• EXERCISE MATERIALS

= = = = = = =

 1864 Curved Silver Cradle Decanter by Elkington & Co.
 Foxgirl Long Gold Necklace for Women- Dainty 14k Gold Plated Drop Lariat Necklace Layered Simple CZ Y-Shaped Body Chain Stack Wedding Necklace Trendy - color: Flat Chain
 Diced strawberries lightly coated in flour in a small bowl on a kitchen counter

= = = = = = =

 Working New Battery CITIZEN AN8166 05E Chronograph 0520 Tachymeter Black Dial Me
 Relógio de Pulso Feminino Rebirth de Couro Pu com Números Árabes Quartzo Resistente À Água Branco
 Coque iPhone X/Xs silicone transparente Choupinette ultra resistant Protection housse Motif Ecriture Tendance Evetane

= = = = = = =

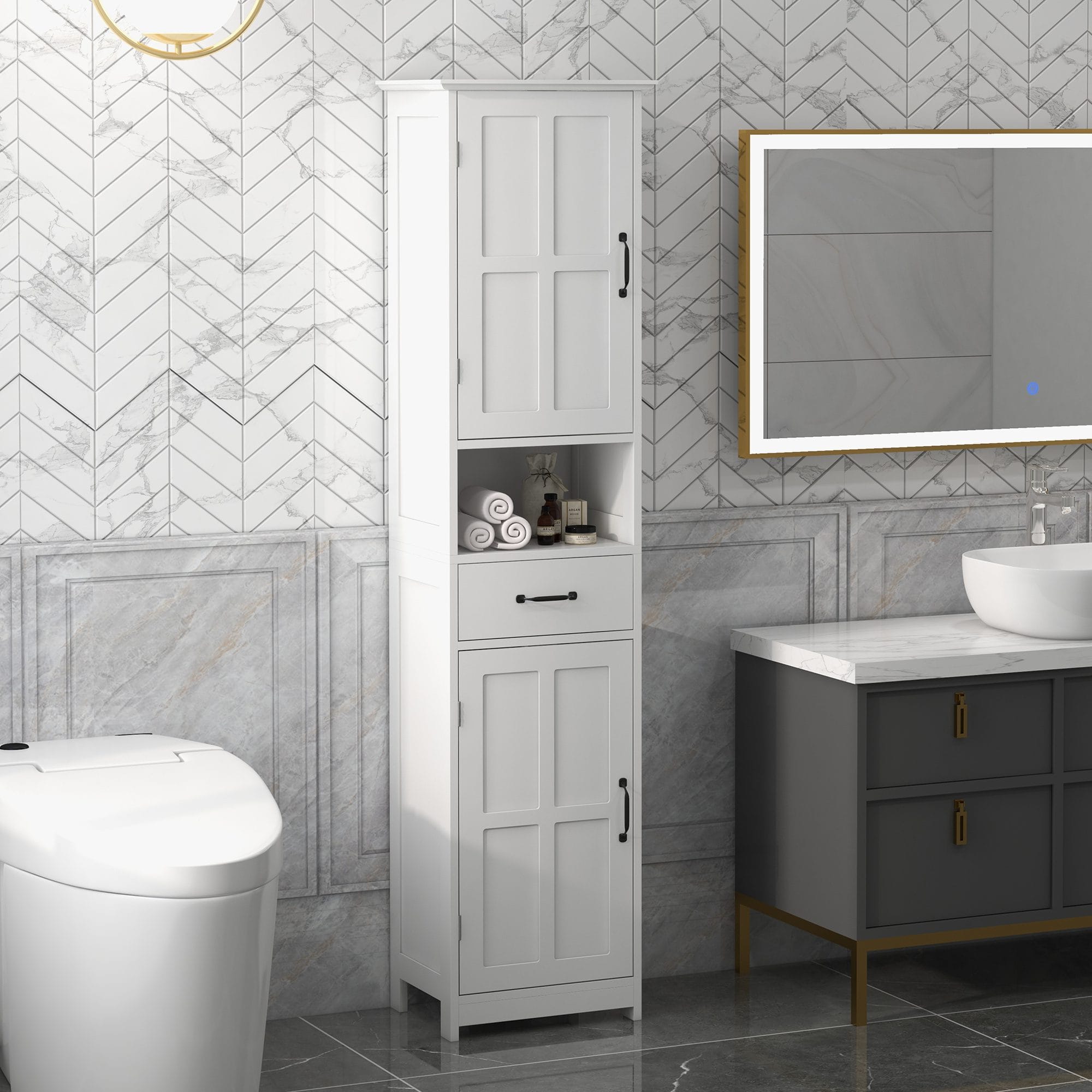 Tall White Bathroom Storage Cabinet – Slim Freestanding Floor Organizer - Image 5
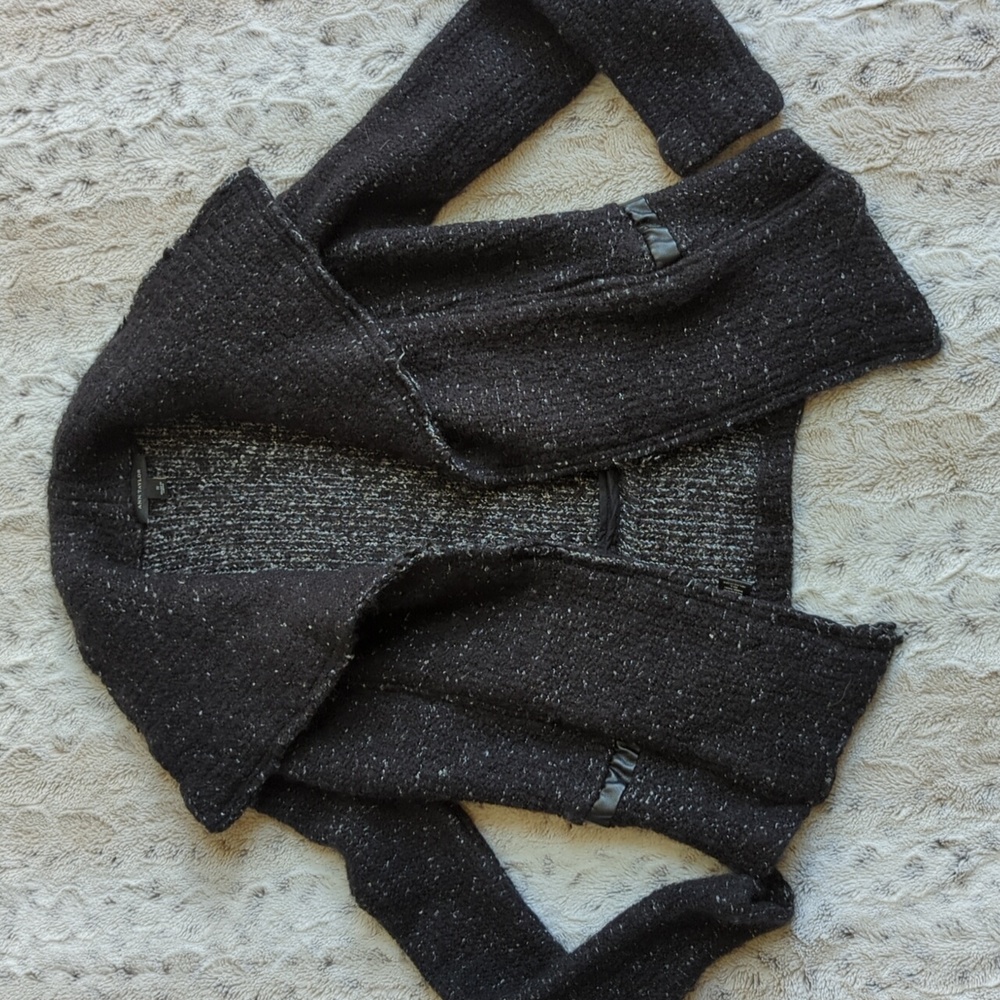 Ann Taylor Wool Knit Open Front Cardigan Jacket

= = = = = = =

• EXERCISE DESCRIPTION
Write out only the lines that run from the line containing "1864 Curved Silver" through the line containing "Diced strawberries lightly", both included, exactly as they appear above.

• ANSWER TO THE PROBLEM
 1864 Curved Silver Cradle Decanter by Elkington & Co.
 Foxgirl Long Gold Necklace for Women- Dainty 14k Gold Plated Drop Lariat Necklace Layered Simple CZ Y-Shaped Body Chain Stack Wedding Necklace Trendy - color: Flat Chain
 Diced strawberries lightly coated in flour in a small bowl on a kitchen counter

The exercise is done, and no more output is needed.